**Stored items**
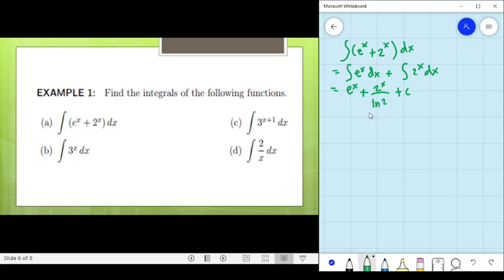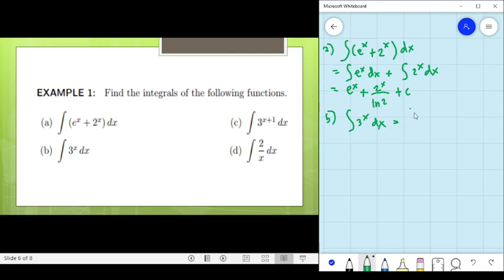Therefore, that is the final answer for number 1, letter A. For letter B, we are going to find the antiderivative of 3^x dx. The answer is 3^x over ln(3) plus C. Simple.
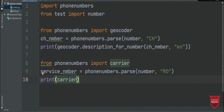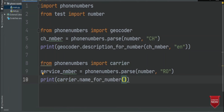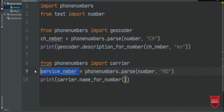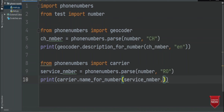That's why carrier dot, and now we have to type the name for the number, which is service provider name. Here we have to give two parameters: the first one is the variable name, which is service number, and the second one is actually the language. So language will be English. That's it. If we now run again...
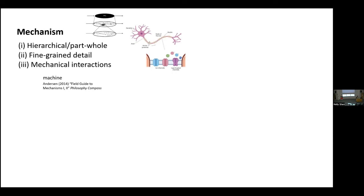Philosophers of neuroscience have motivated this picture of mechanistic explanation by the fact that neuroscientists often use the term mechanism in their work. One thing they haven't noticed, however, is that mechanism is just one causal concept that neuroscientists use — they use many others.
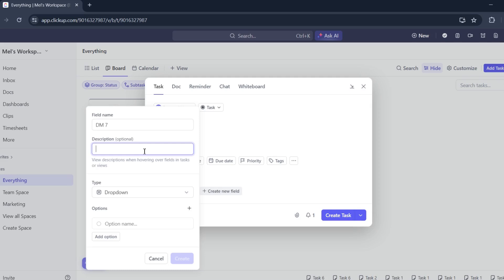I'll put a description here, but that's optional. Let's say A, B, C, D, E, F, G.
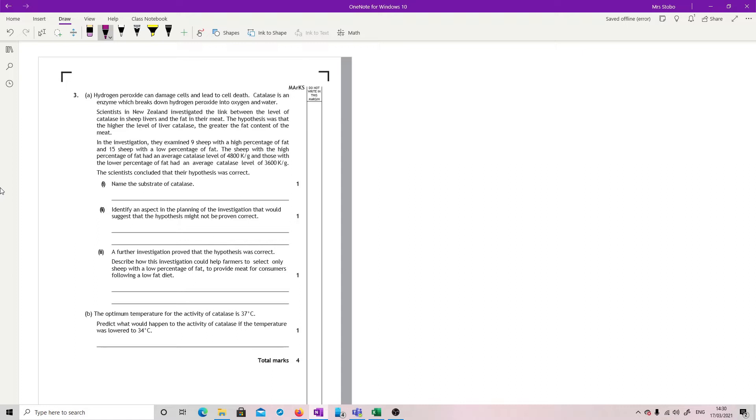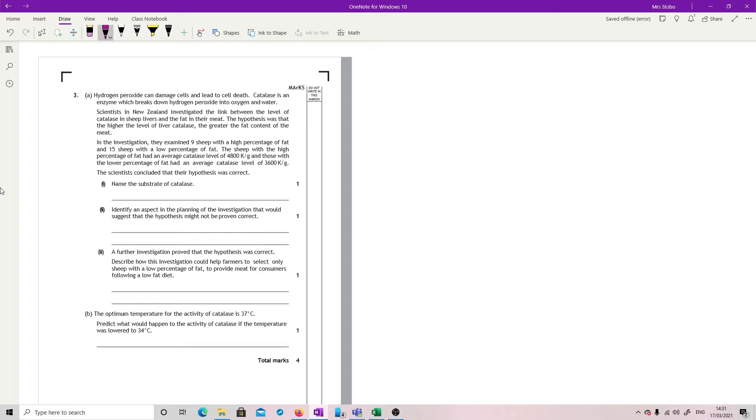The hypothesis was: the higher the level of liver catalase, the greater the fat content. In the investigation, they examined 9 sheep with a high percentage of fat and 15 sheep with a low percentage of fat. Sheep with high fat had an average catalase level of 4,800, don't worry about the units. Those with lower fat had an average catalase level of 3,600. The scientists concluded their hypothesis was correct.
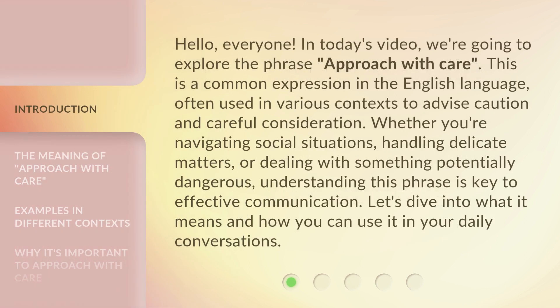Hello, everyone. In today's video, we're going to explore the phrase 'Approach with Care.' This is a common expression in the English language, often used in various contexts to advise caution and careful consideration. Whether you're navigating social situations, handling delicate matters, or dealing with something potentially dangerous, understanding this phrase is key to effective communication. Let's dive into what it means and how you can use it in your daily conversations.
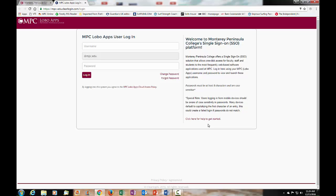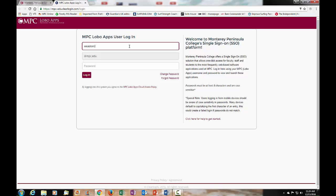To log in, you want to use your username which is the first letter of your first name, complete last name, and the last four digits of your student number. Then you put in the password that you have created and click on the login button.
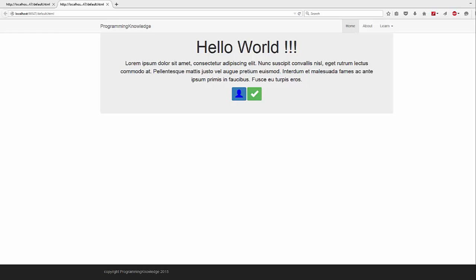Hello guys, welcome to the next video on Bootstrap tutorial for beginners. In this video we will see how to use panels in Bootstrap. A panel is a kind of box which is bordered and you can add some tables or any component inside this panel. For example, we want to add a panel just below our jumbotron.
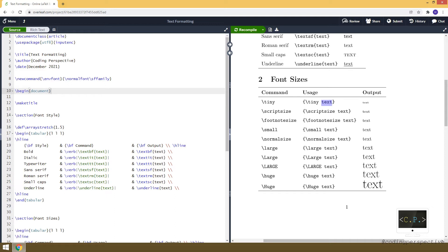And you can see other commands as well. For example, for huge, we will be using the \huge command, and whatever we are writing inside these curly brackets will be huge. And you can see the outputs — how the sizes vary for each command.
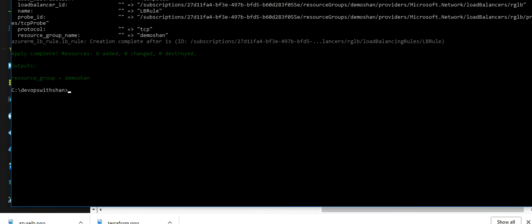All right, so we've successfully created all the resources on Azure using Terraform. I hope you liked the video. Do share and comment and press the thumbs up button if you like the content. Hope this was informative for you. Do let me know your feedback in the comments. Links in the description about previous videos and source code will be shared in the description box. Thank you.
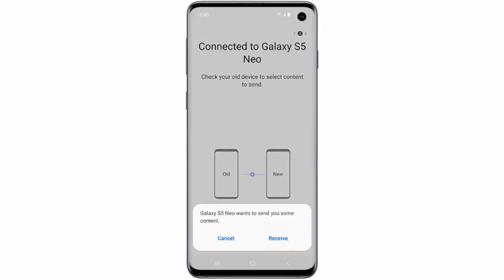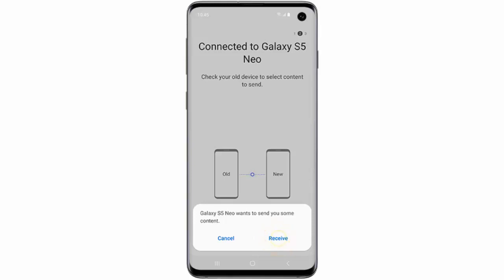Hi! In this video I will show you how to transfer data from another device to your Samsung Galaxy S10, S10 Plus or S10e using Smart Switch. If you have data stored on another device you can use Smart Switch to transfer it to your brand new phone. If you want to do it follow these simple instructions.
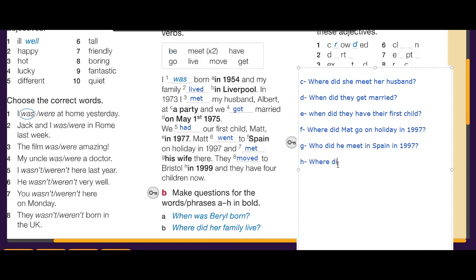So for question H, the question word is 'when': 'When did they move to Prestel?' — the answer is in 1999.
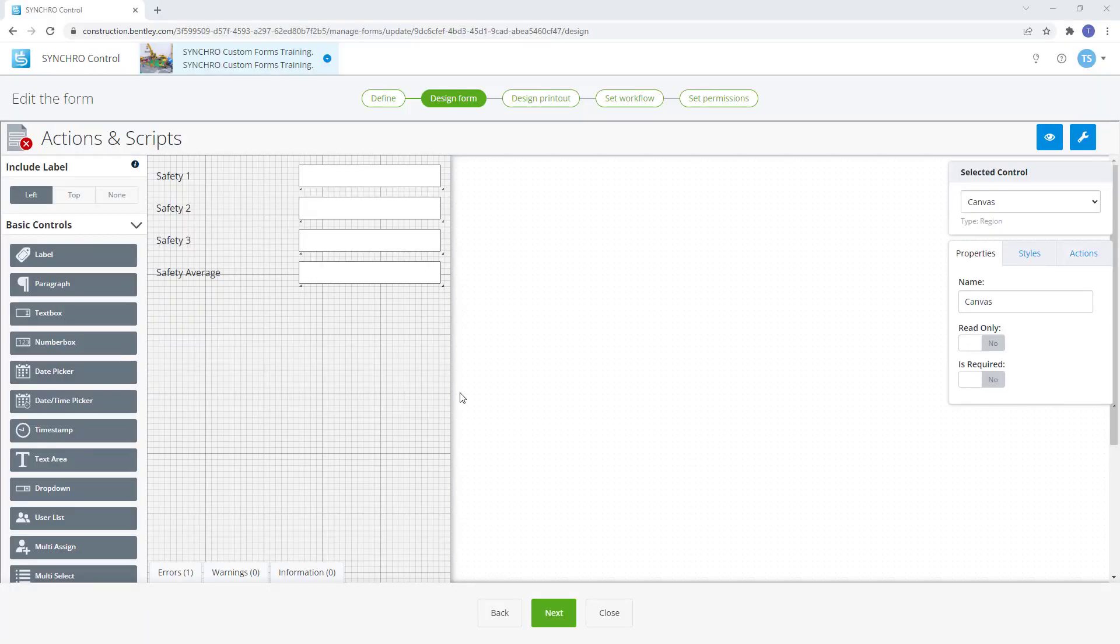Hello everyone. In this video we're going to take a look at Actions. Actions are created by building scripts.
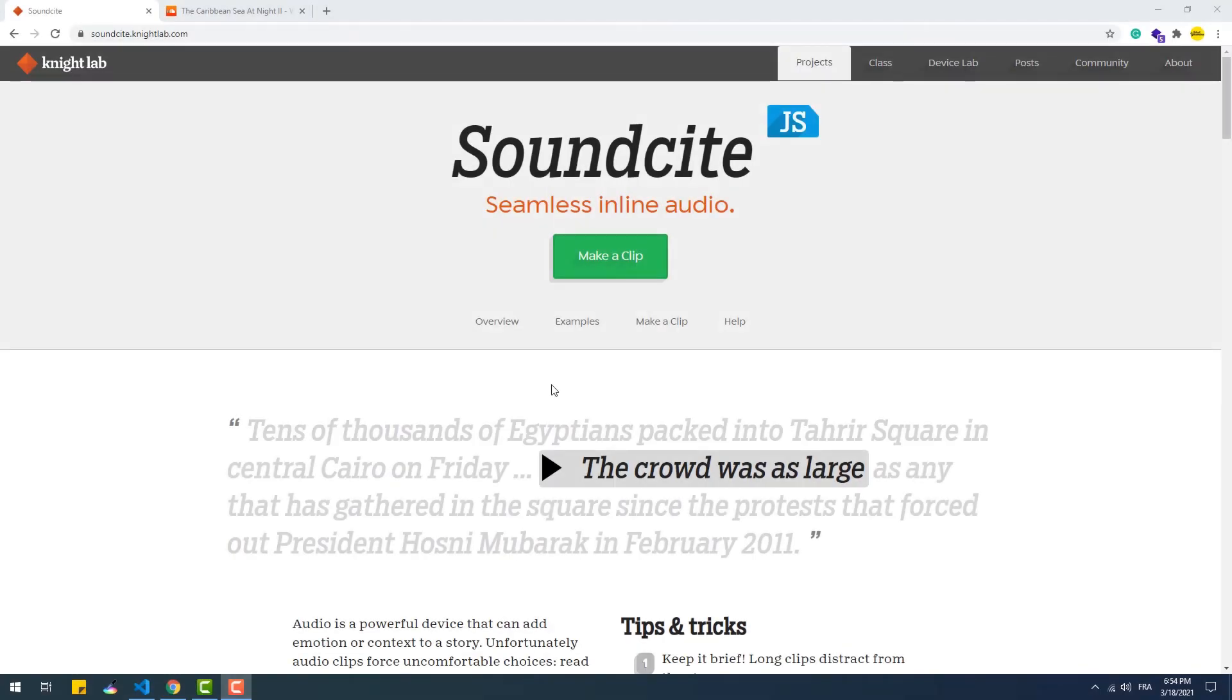SoundCite.js is another library that Knight Lab puts in your hands as an auditory storytelling tool. This library makes it easy to add life to cold, rigid text using audio, which leads to a better experience for readers.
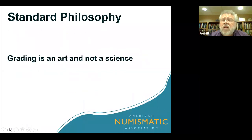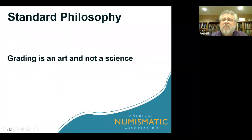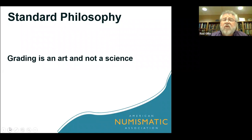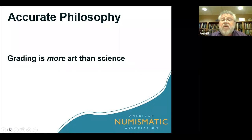Those of us who have been grading a long time truly believe that grading is an art and really not a science. When we're talking about technical grading, especially with coins that have been worn, it's certainly a matter of identifying how much wear is in a specific location and therefore determining the grade — so there is a bit of science to that. But when we're looking at mint state coins and considering things such as eye appeal, it really is an art. Grading is an extremely subjective subject, and a lot of us would tell you that grading is more art than science.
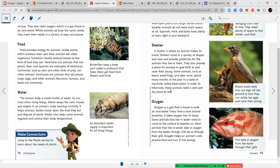Shelter is where an animal makes its home. Shelters come in a variety of shapes and sizes and provide protection, as well as a place for animals to give birth and raise their young. Some animals, such as bears, wood frogs, and deer mice, spend many months in hibernation and need a safe, dry place to rest. Robins build nests high off the ground to safely lay eggs and raise their young.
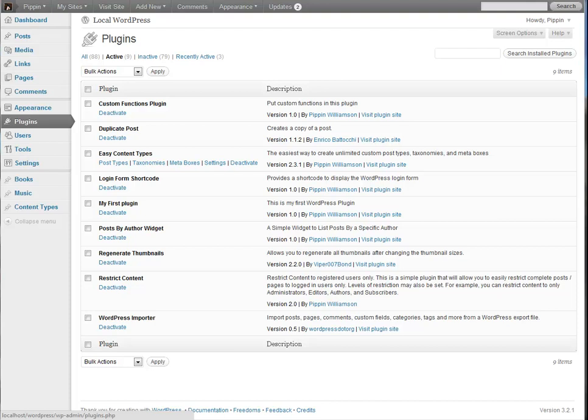Hello, everyone. This is Pippin Williamson with Pippin's Pages and Pippin's Plugins.com. And in this part two of my Writing Your First WordPress Plugin Series, I would like to show you how to go about structuring your plugin.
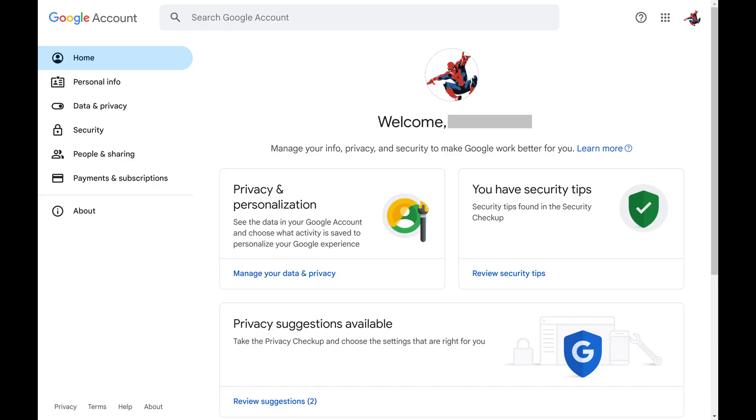You'll land on your Google account home screen. Step 2. Click your profile picture displayed at the top of this screen.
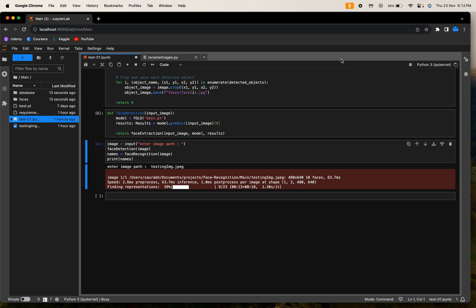This might take some time. For the first time when you are running on a dataset of many people, it will take some time to make the representation patterns and connections between the faces.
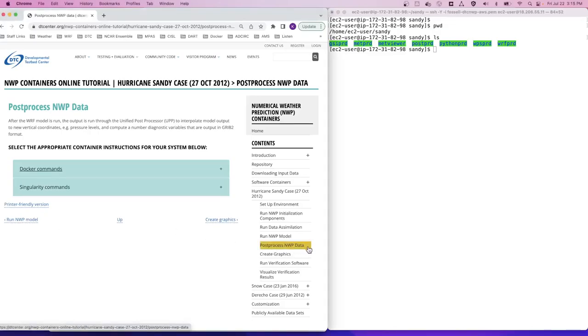After the WARF model is run, the output is run through the Unified Post Processor, or UPP, to interpolate model data output into new vertical coordinates, for example to pressure levels, and also to compute a number of diagnostic variables that are then output in GRIB2 format.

**Task description**
Exactly the lines starting at the one above with "Hello everyone. In" and ending at the one with "SoundCite.js is another" should be printed, and nothing else. Omit the pictures.

**Reply**
Hello everyone. In this video we're going to take a look at Actions. Actions are created by building scripts.
SoundCite.js is another library that Knight Lab puts in your hands as an auditory storytelling tool. This library makes it easy to add life to cold, rigid text using audio, which leads to a better experience for readers.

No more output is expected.